Sulla questione del voto a Bruxelles sul regolamento “Asap”, che è il provvedimento sulle munizioni a Kyjiv, e che è soprattutto una nuova cornice per distribuire fondi europei all’industria militare, ieri all’Europarlamento il Partito democratico si è un’altra volta diviso.

La maggioranza del gruppo a favore e in sintonia con il gruppo socialista, a cominciare dalla vicepresidente del Parlamento Pina Picierno che da sempre è in prima linea a favore dell’Ucraina, ma con quattro astenuti (Pietro Bartolo, Achille Variati, Franco Roberti e Camilla Laureti, quest’ultima componente della segreteria nazionale), uno contrario (il solito Massimiliano Smeriglio, che nemmeno è iscritto al Partito democratico ma lo frequenta dall’epoca zingarettiana e fa parte del gruppo S&D), uno è non pervenuto (Giuliano Pisapia), mentre tra i favorevoli ci sono anche Patrizia Toja e Alessandra Moretti, che erano risultate astenute ma si erano sbagliate a votare (e vabbè, capita).

Asap è l’acronimo, che letteralmente sta per Act in Support of Ammunition Production (legge a supporto della produzione di munizioni) ma non facciamola tanto lunga: questo voto, nella sostanza, riguardava gli aiuti militari (le munizioni) alla Resistenza ucraina.

Bartolo, Variati, Roberti e Smeriglio sono da sempre su una posizione diversa da quella del Partito democratico, cioè sì alle armi fino a che sarà necessario, una linea che era stata declinata con grande chiarezza dall’ex segretario Enrico Letta – e approvata in tutte le sedi svariate volte – ma che Elly Schlein ha sempre confermato pur condendola con un di più di argomentazioni a favore della “trattativa” e in questo caso dal no all’utilizzo dei fondi del Pnrr per gli aiuti.

Mercoledì su Instagram (altro che disintermediazione) Schlein aveva detto due cose: supporto a Kyjiv, e no all’utilizzo dei fondi Pnrr per le armi, ma senza chiarire altro. Il testo che i dem hanno dovuto votare però contiene entrambe le cose: sì all’aiuto a Kyjiv, e sì all’utilizzo anche di quei fondi.

Qual è la linea, quindi? Il Partito democratico sapeva benissimo che i suoi emendamenti contrari all’uso dei fondi del Pnrr sarebbero stati respinti (anche perché se un Paese volesse disporre del Pnrr per le armi a Kyjiv non può esserci nessuna Schlein che potrebbe impedirglielo), e dunque questa battaglia semmai va fatta in sede nazionale, dove intanto la destra, contrariamente a certi segnali, non ha affatto escluso di ricorrere ai soldi del Piano di ripresa e resilienza.
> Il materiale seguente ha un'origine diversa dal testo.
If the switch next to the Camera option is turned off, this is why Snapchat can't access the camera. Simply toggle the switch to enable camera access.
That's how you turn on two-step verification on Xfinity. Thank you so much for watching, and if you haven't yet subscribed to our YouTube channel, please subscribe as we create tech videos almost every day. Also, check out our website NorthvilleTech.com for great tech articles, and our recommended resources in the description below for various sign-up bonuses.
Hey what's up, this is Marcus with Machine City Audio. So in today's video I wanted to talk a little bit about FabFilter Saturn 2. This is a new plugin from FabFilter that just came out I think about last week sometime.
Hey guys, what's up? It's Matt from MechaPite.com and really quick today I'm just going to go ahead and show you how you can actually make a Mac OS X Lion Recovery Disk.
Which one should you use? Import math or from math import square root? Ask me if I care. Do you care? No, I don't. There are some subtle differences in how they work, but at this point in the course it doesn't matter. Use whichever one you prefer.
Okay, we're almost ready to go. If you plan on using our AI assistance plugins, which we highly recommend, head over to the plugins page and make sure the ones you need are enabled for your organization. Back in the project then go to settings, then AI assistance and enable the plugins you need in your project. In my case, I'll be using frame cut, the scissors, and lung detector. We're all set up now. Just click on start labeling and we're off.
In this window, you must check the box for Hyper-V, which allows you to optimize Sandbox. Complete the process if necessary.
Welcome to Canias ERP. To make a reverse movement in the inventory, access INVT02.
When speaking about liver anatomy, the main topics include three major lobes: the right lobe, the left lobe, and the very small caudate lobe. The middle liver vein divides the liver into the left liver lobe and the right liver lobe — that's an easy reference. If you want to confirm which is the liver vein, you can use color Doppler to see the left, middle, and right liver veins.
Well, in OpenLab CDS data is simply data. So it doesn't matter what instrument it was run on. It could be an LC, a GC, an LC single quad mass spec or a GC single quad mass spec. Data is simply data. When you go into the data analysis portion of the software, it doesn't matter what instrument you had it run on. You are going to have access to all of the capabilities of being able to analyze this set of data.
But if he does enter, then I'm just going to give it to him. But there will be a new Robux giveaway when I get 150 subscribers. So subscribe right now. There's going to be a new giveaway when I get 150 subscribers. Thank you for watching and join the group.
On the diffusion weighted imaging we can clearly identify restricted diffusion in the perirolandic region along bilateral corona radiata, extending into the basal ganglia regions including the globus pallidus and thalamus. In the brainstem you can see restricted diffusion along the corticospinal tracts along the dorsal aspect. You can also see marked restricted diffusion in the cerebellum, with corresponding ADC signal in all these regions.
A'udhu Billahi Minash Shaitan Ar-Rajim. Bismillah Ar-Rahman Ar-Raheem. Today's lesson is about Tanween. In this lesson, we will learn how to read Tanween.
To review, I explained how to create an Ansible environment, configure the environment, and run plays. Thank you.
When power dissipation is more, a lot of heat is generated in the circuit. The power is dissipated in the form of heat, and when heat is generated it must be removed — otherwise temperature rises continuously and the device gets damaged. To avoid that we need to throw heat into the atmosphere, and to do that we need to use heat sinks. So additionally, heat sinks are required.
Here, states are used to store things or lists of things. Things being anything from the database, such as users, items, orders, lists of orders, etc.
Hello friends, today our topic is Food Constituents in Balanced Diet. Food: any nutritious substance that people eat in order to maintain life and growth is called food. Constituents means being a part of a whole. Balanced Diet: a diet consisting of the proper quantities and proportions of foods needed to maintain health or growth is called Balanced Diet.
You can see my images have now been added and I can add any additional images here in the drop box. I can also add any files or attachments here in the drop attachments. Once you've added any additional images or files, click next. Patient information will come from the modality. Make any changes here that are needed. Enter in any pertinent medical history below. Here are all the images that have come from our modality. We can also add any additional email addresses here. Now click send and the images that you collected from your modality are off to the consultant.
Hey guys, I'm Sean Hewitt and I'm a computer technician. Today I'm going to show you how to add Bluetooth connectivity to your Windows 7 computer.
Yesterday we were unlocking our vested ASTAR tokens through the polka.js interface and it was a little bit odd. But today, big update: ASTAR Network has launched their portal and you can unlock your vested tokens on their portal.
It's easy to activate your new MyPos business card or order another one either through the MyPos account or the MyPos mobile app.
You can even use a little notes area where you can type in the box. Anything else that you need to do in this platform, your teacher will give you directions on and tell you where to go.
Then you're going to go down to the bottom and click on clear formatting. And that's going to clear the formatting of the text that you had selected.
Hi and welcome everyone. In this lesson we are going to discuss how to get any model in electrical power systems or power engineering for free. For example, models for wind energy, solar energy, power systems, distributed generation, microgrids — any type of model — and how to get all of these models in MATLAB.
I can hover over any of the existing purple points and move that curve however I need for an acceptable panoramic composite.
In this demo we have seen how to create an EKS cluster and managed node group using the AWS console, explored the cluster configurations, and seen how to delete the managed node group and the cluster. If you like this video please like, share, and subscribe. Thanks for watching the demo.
Ma in ogni caso quella di Schlein, con l’appoggio del responsabile Esteri Peppe Provenzano, era una scusa per poter caso mai giustificare un voto di astensione. Insomma, un trucchetto, un espediente, una scusa, o come si dice adesso una supercazzola. Solo che se la supercazzola parte dalla segretaria del partito ognuno si sente più o meno libero di fare quello che gli pare: è stato come minimo un esempio di scarsa capacità di direzione politica e come massimo un capolavoro di ambiguità.

Forse si pensa di strizzare così l’occhio ai seguaci di Michele Santoro e Moni Ovadia (di Orsini si è detto) o magari di non perdere il rapporto con i Cinquestelle, ovviamente schierati contro gli aiuti militari, e a quei nuovi arrivati nel Partito democratico che provengono da Sel, Articolo Uno e compagnia bella che non a caso occupano bei posti nella segreteria (abbiamo detto di Laureti).

Il gruppo europeo del Partito democratico risulta veramente inaffidabile sulla questione più importante di questa fase storica – la difesa dell’Ucraina –, perché va bene la coscienza personale ma qui c’è ormai una frazione attiva (quante colpe ha Nicola Zingaretti, fu lui a fare le liste delle Europee del 2019). E, a parte questo, c’è da osservare che per Elly Schlein è estremamente rischioso mostrarsi ondivaga su questo terreno. Perché se non tiene sull’Ucraina figuriamoci sul resto. Altro che «mettetevi comodi», qui è un disastro.